Per accompagnarmi nell’attraversare da est a ovest la Tanzania, anni fa scelsi la lettura di un libro a tema: Come ho trovato Livingstone, dell’avventuriero e scrittore americano Henry Morton Stanley. In poco più di duecento pagine questo pioniere del giornalismo di viaggio racconta di come nel 1869 il direttore del New York Herald gli avesse dato l’incarico di trovare e intervistare il celebre esploratore scozzese David Livingstone, disperso nell’Africa equatoriale senza dare più notizie di sé da mesi. Mentre ripercorrevo il suo stesso itinerario (dalle coste dell’Oceano Indiano fino al lago Tanganica, al confine con il Congo), sdraiato sui sedili di un nuovo ma lentissimo treno di fabbricazione coreana, mi sono affezionato alla ferma determinazione di un ragazzo della mia età che sfidava febbri malariche e tribù inferocite per portare a termine la sua missione.
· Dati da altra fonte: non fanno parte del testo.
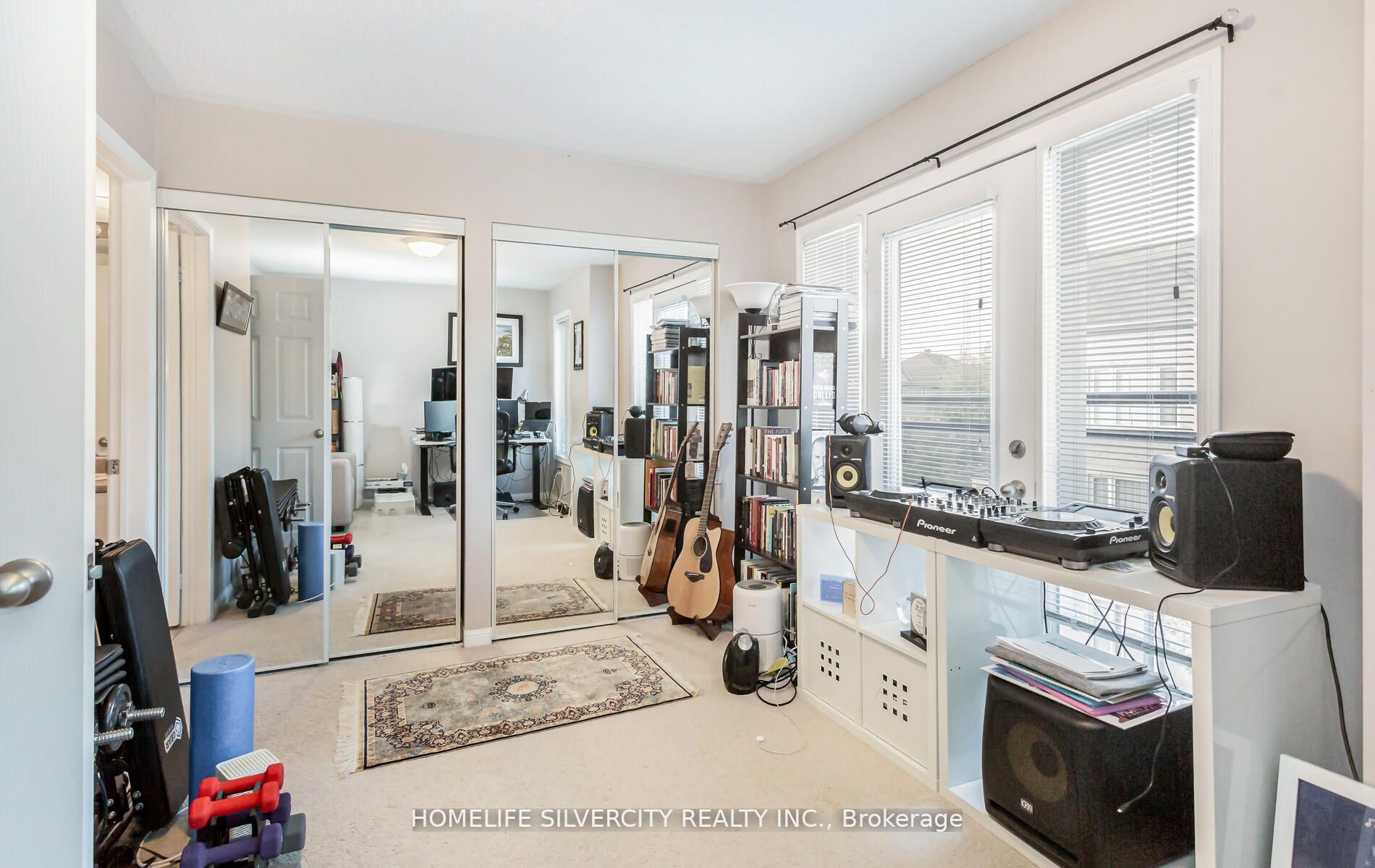 5650 Winston Churchill Blvd, #93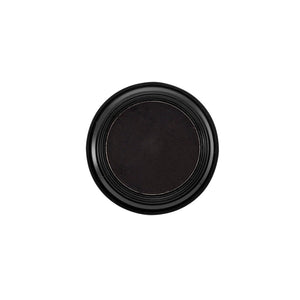 La Femme Matte Cake Eyeliner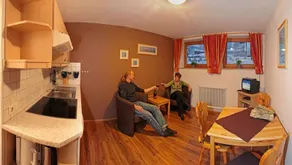 Am Brixenbachl - Image 5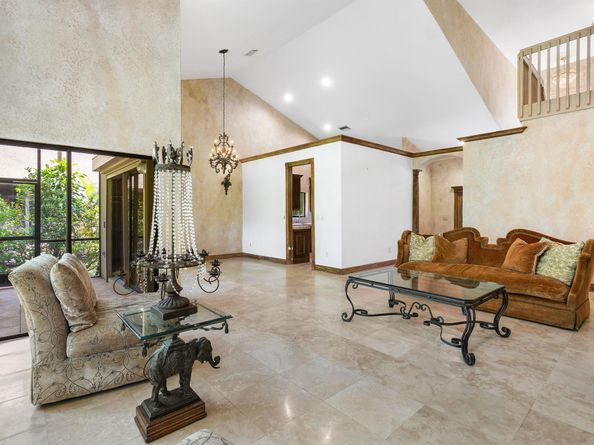 745 St Albans Drive, Boca Raton FL 33486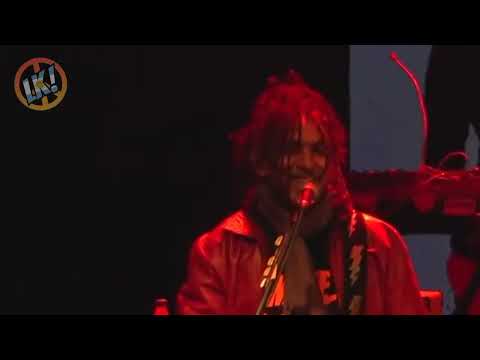 Kapanga - 34° Fiesta Provincial del Citrus(Completo)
Sono pagine scarne, lontane dal romanzo e assai più vicine al diario di bordo, di cui ho sottolineato pochissimo se non i nomi di villaggi, fiumi e monti che di volta in volta scorgevo fuori dal finestrino.
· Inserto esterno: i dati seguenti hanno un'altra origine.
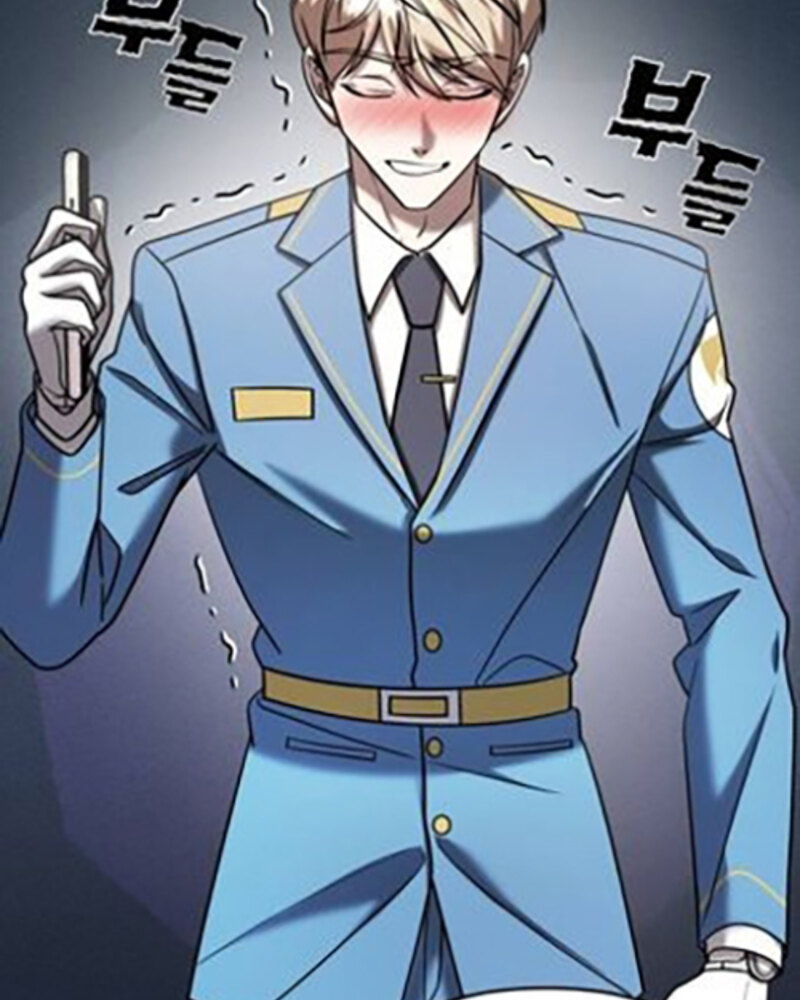 Villana pura Capítulo 23 - Página 94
Ricordo di aver finito il libro proprio giunto al termine del lungo tragitto, nell’esatto punto (sotto un albero di mango) in cui un secolo e mezzo prima Stanley aveva ritrovato Livingstone, vincendo una scommessa per la quale era stato lontano da casa più di due anni e aveva rischiato la vita almeno un paio di volte. Il racconto di quell’incontro è storia nota.

Negli ultimi tre anni ho cercato quel volume dappertutto. Niente: sparito. Alla fine ho dovuto arrendermi a considerare più che legittima l’ipotesi che il libro avesse fatto in modo che io lo smarrissi proprio laggiù, a Ujiji, il minuscolo villaggio di pescatori dove sono ambientate le sue ultime pagine. È un segno – mi consolavo, un’emblematica coincidenza.
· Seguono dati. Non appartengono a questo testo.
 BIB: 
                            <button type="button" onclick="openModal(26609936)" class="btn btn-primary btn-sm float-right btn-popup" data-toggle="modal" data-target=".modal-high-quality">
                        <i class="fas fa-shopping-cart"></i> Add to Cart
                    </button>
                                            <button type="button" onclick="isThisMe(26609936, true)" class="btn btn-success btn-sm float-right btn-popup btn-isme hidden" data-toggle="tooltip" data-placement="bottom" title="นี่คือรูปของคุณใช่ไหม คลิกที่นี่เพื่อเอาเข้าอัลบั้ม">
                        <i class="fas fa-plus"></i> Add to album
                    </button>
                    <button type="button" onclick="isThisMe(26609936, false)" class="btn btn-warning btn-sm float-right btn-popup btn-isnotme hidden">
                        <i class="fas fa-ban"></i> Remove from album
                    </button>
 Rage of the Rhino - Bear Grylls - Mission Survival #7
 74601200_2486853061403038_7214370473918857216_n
Ma il libro ha fatto di più. S’è fatto trovare solo poche settimane fa dentro un albergo di Bahir Dar, nel nord dell’Etiopia. Stavo per caricare la mia valigia nel bagagliaio della macchina quando ho notato una lieve sporgenza della sacca, lì dove una cerniera chiudeva una tasca mezza nascosta. Ne è uscito Stanley in tutte le sue, leggermente ingiallite, duecento pagine: un po’ ammaccato, gli angoli della copertina piegati, sembrava stare comunque bene. Incredulo, ho esultato come un bambino: senza che me ne fossi accorto quel libro mi aveva accompagnato in Iran, Ucraina, Sud Africa, Uzbekistan, Polonia, Togo, Croazia, viaggiando a bordo di navi, aerei, treni, autobus e tuk-tuk. Come un clandestino nascosto dentro il rimorchio di un tir, Stanley aveva sfruttato la mia valigia per dare sfogo al suo istinto di esploratore, aveva attraversato frontiere ed eluso controlli, osservato Paesi, deserti e oceani da una nuova prospettiva, finché il destino – o un calcolo scientifico – non lo aveva portato fin lì. Un puro caso? Nel 1866 Livingstone era partito per l’Africa alla ricerca delle sorgenti del fiume più lungo del mondo, trovando nel lago Vittoria quelle del Nilo Bianco; ora il suo compagno di avventure ricompariva sulle sponde del lago Tana, dalle cui acque nasce invece l’altra metà del fiume, il Nilo Azzurro. Una convergenza simmetrica e in qualche modo perfetta, mi sono detto mentre stringevo di nuovo fra le mani la pecorella smarrita della mia biblioteca.

Ora: questa storia si concluderebbe assai più poeticamente se io avessi abbandonato il libro sulle sponde del lago, tra ippopotami e pellicani, in quella terra africana da cui tutto era iniziato e in cui tutto sarebbe potuto circolarmente finire. Invece ha prevalso la mia mania di possesso e ora Stanley sconta una prigionia forzata sul penultimo ripiano della mia libreria. È possibile che alla prossima partenza si faccia trovare steso sul pavimento supplicandomi di portarlo con me, ma non ho intenzione di rischiare. Il massimo che potrò fare sarà spedirgli cartoline dal mondo: le usi come segnalibri e si metta il cuore in pace.